◆ Task directions ◆
Lines from the one containing "熊猫VPN,安全、可靠、高效,助力您的远程访问" to the end of the records, both ends included and exactly as written, are the whole answer, and no pictures go in it.

Records excerpted from a collection

/---

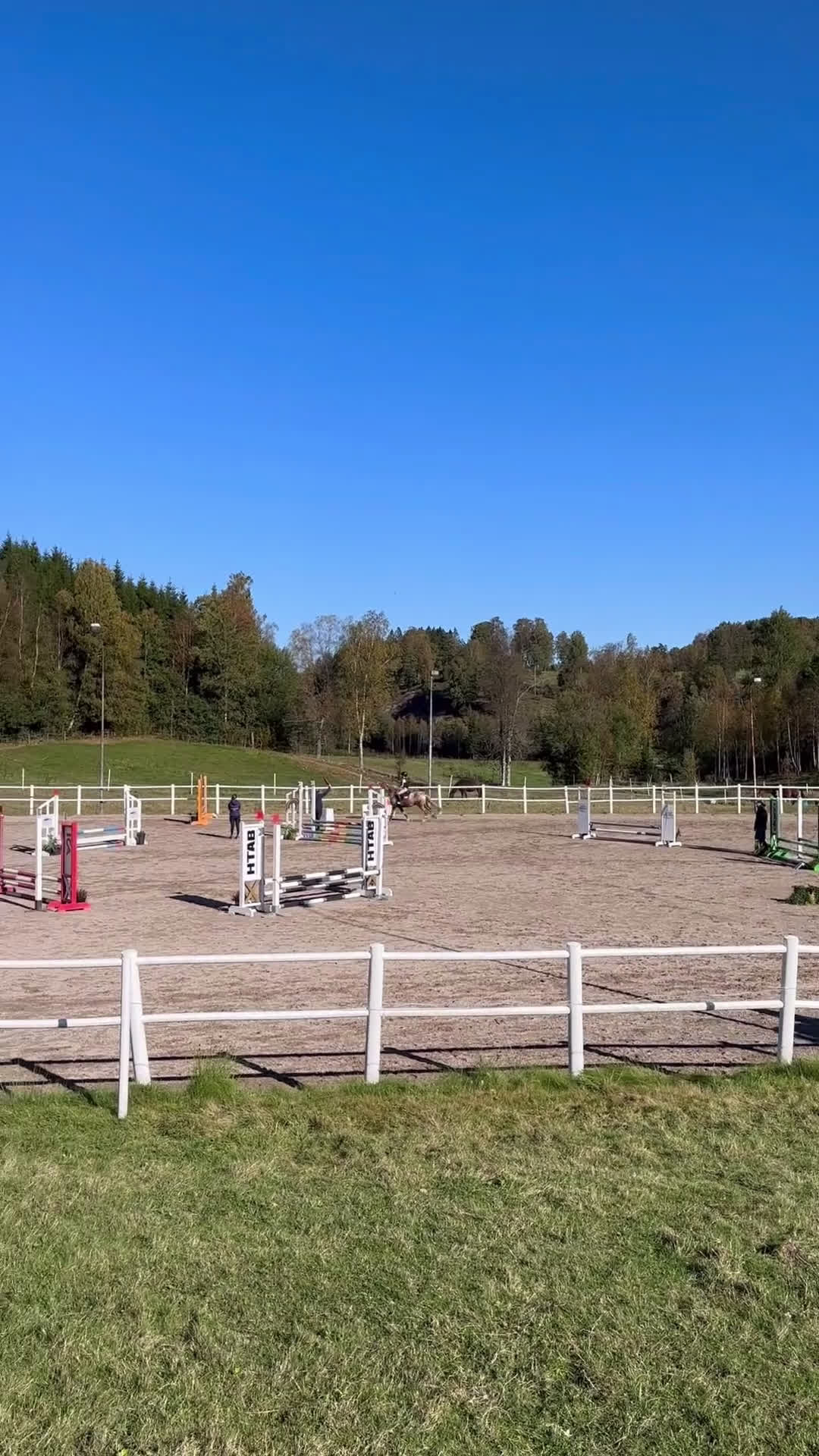 Hoppning hästar till salu: Snäll och mysig ponny med power  i Åmål - Video 4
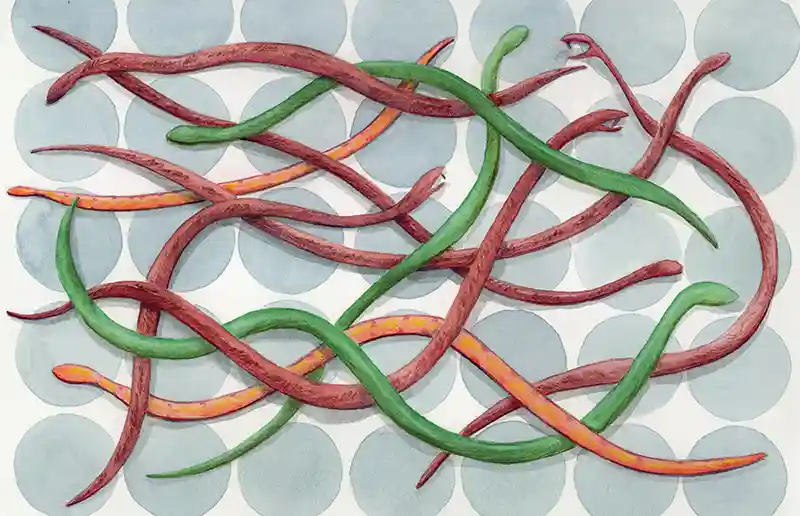 Sobre el cambio político y la degradación moral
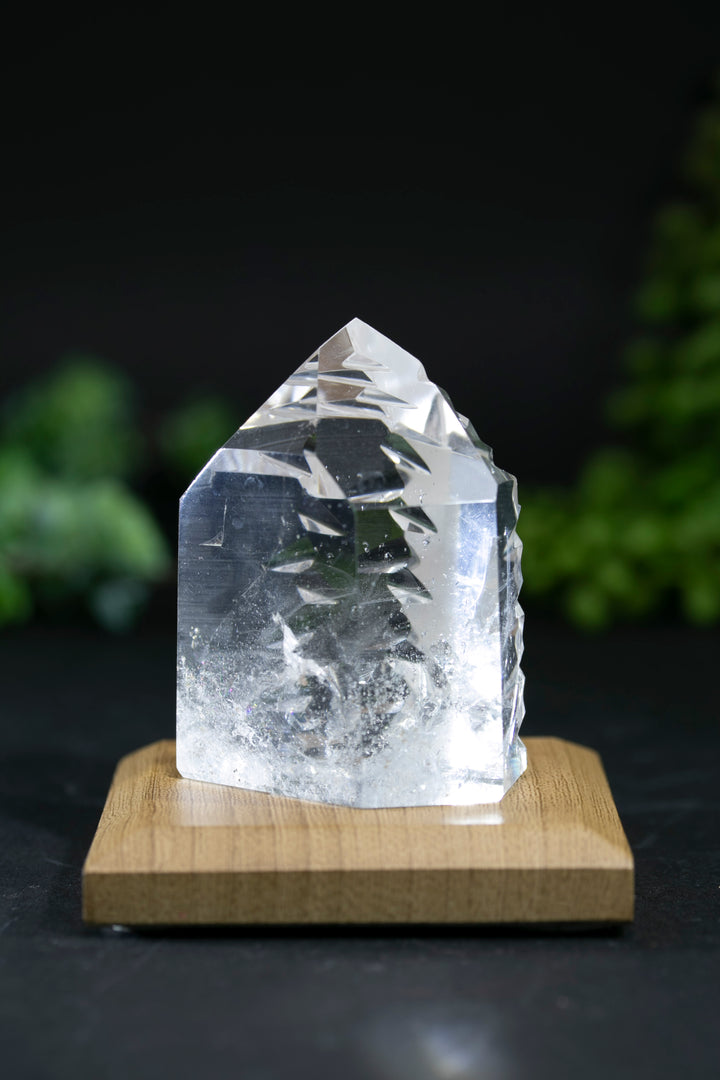 2.5" Fantasy Cut Lemurian BC771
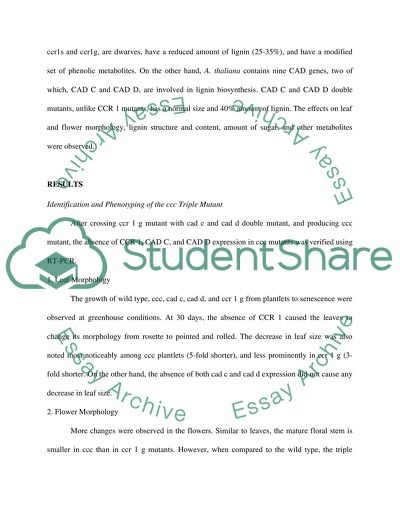 The Simultaneous Repression of CCR and CAD
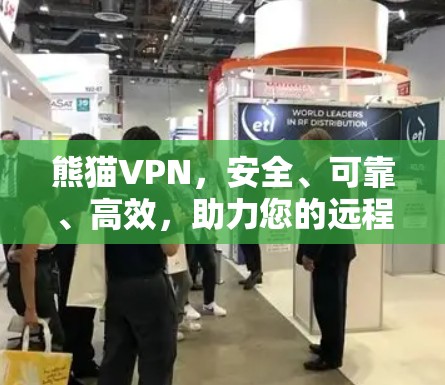 熊猫VPN,安全、可靠、高效,助力您的远程访问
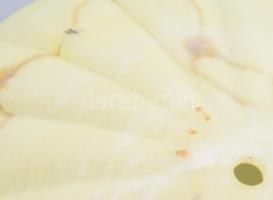 Régi francia lámpabúra, d: 32 cm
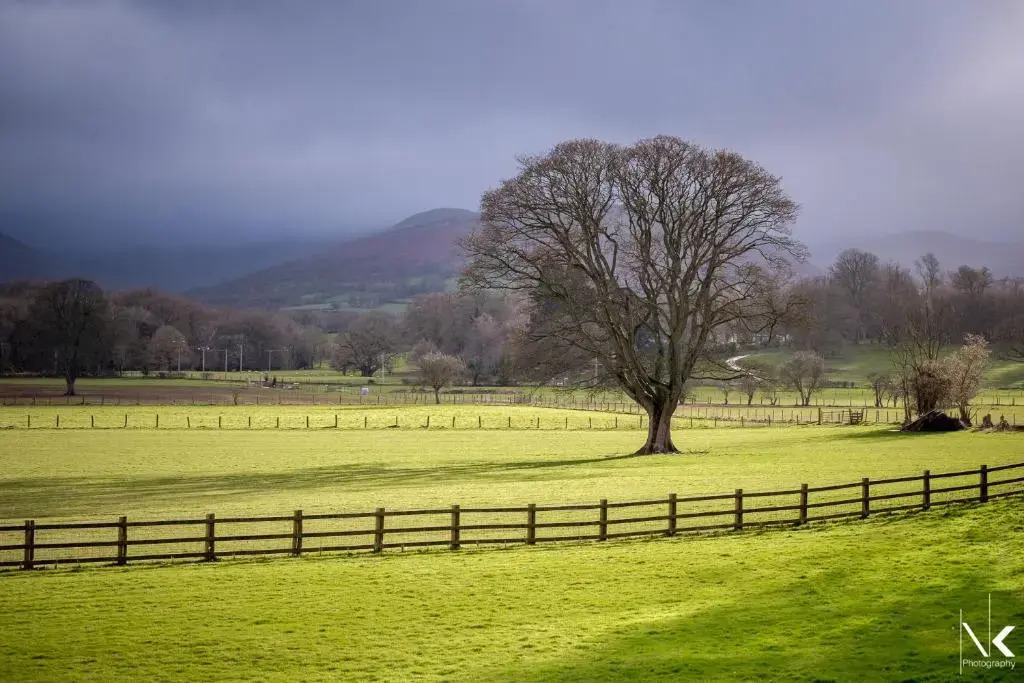 The Lodge Brecon B&B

\---

◆ Output for this task ◆
 熊猫VPN,安全、可靠、高效,助力您的远程访问
 Régi francia lámpabúra, d: 32 cm
 The Lodge Brecon B&B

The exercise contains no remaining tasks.